There's nothing wrong here protocol-wise or in theory that would stop you from writing such code. An exhausted iterator it will throw StopIteration on every subsequent call to it.__next__, so the for loop technically won't mind if you exhaust the iterator with a next/__next__ call in the loop body.

I advise against writing such code because the program will be very hard to reason about. If the scenario gets a little more complex than what you are showing here, at least I would have to go through some inputs with pen and paper and work out what's happening.

In fact, your code snippet possibly does not even behave like you think it behaves, assuming you want to print every number that is preceded by an even number.

>>> b = [1, 2, 4, 7, 8]                                              

>>> a = iter(b)                                                      

>>> for x in a: 

...:    if x%2 == 0: 

...:        print(next(a, 'stop'))                                   

4

stop

Why is 7 skipped although it's preceded by the even number 4?

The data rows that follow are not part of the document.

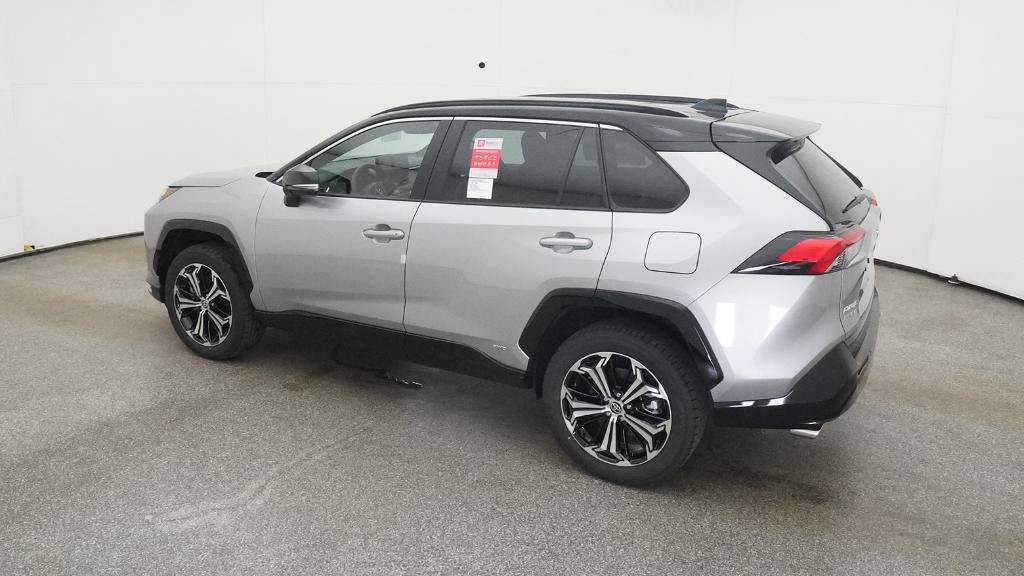 New 2025 Toyota RAV4 XSE w/ Premium Package AWD/4WD image 7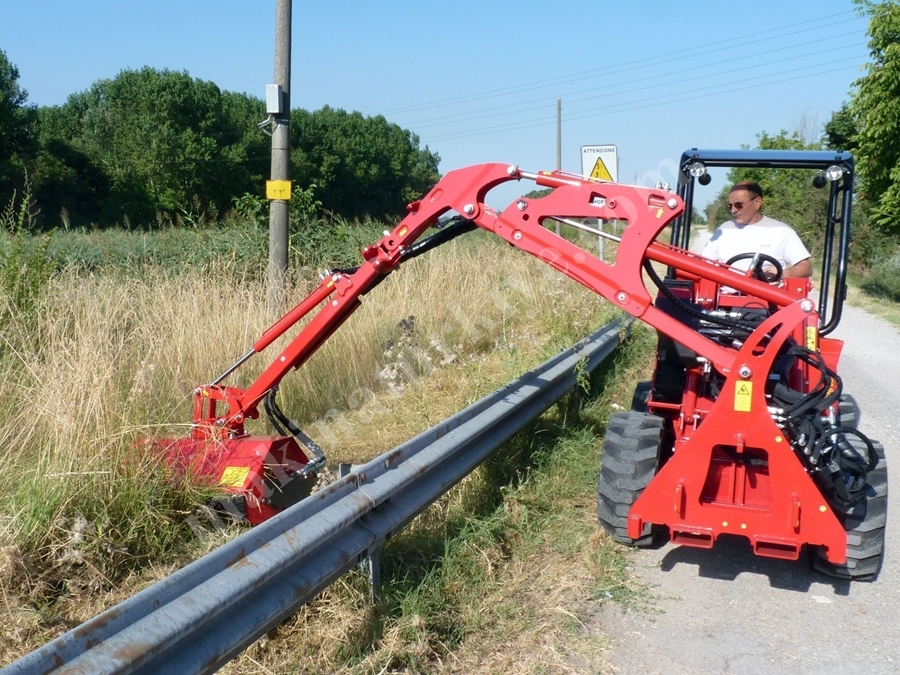 Kompakt Kanal Açma İş Makinası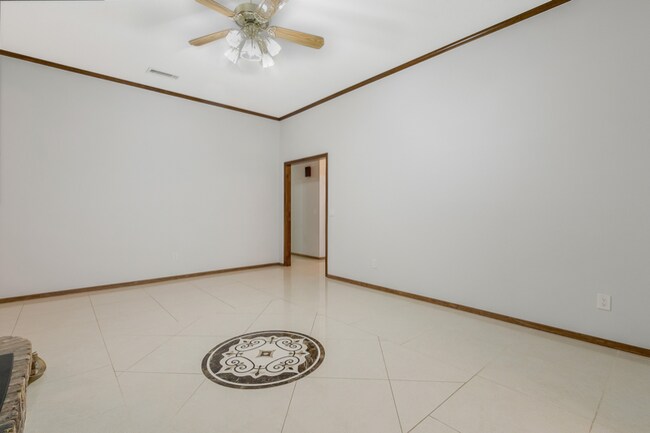 Foto del edificio - 7811 Legend Ave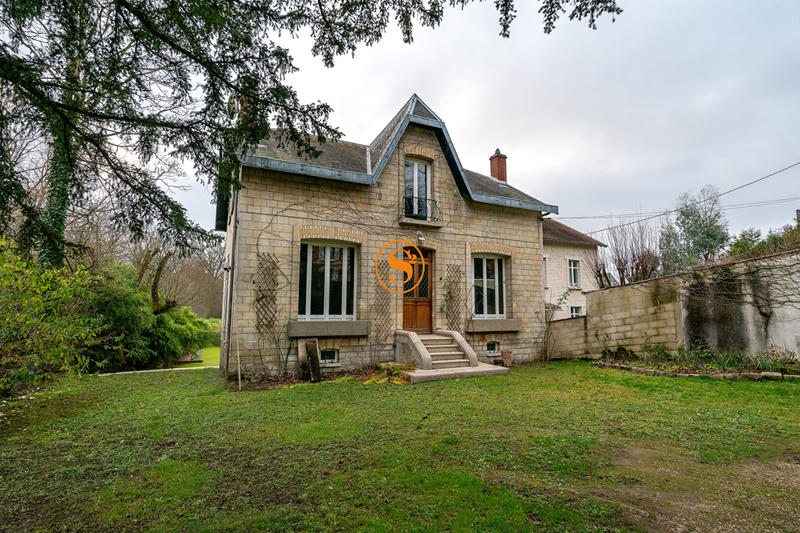 Maison - 182 m² - 8 pièces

>>>> a = iter(b)                                                      

>>>> for x in a: 

...:     print('for loop assigned x={}'.format(x)) 

...:     if x%2 == 0: 

...:         nxt = next(a, 'stop') 

...:         print('if popped nxt={} from iterator'.format(nxt)) 

...:         print(nxt)

...:                                               

for loop assigned x=1

for loop assigned x=2

if popped nxt=4 from iterator

4

for loop assigned x=7

for loop assigned x=8

if popped nxt=stop from iterator

stop

Turns out x = 4 is never assigned by the for loop because the explicit next call popped that element from the iterator before the for loop had a chance to look at the iterator again.

That's something I'd hate to work out the details of when reading code.

It depends what you mean by 'safe', as others have commented, it is okay, but you can imagine some contrived situations that might catch you out, for example consider this code snippet:

b = [1,2,3,4,5,6,7]

a = iter(b)

def yield_stuff():

    for item in a:

        print(item)

        print(next(a))

    yield 1



list(yield_stuff())

On Python <= 3.6 it runs and outputs:

1

2

3

4

5

6

7

But on Python 3.7 it raises RuntimeError: generator raised StopIteration. Of course this is expected if you read PEP 479 and if you're thinking about handling StopIteration anyway you might never encounter it, but I guess the use cases for calling next() inside a for loop are rare and there are normally clearer ways of re-factoring the code.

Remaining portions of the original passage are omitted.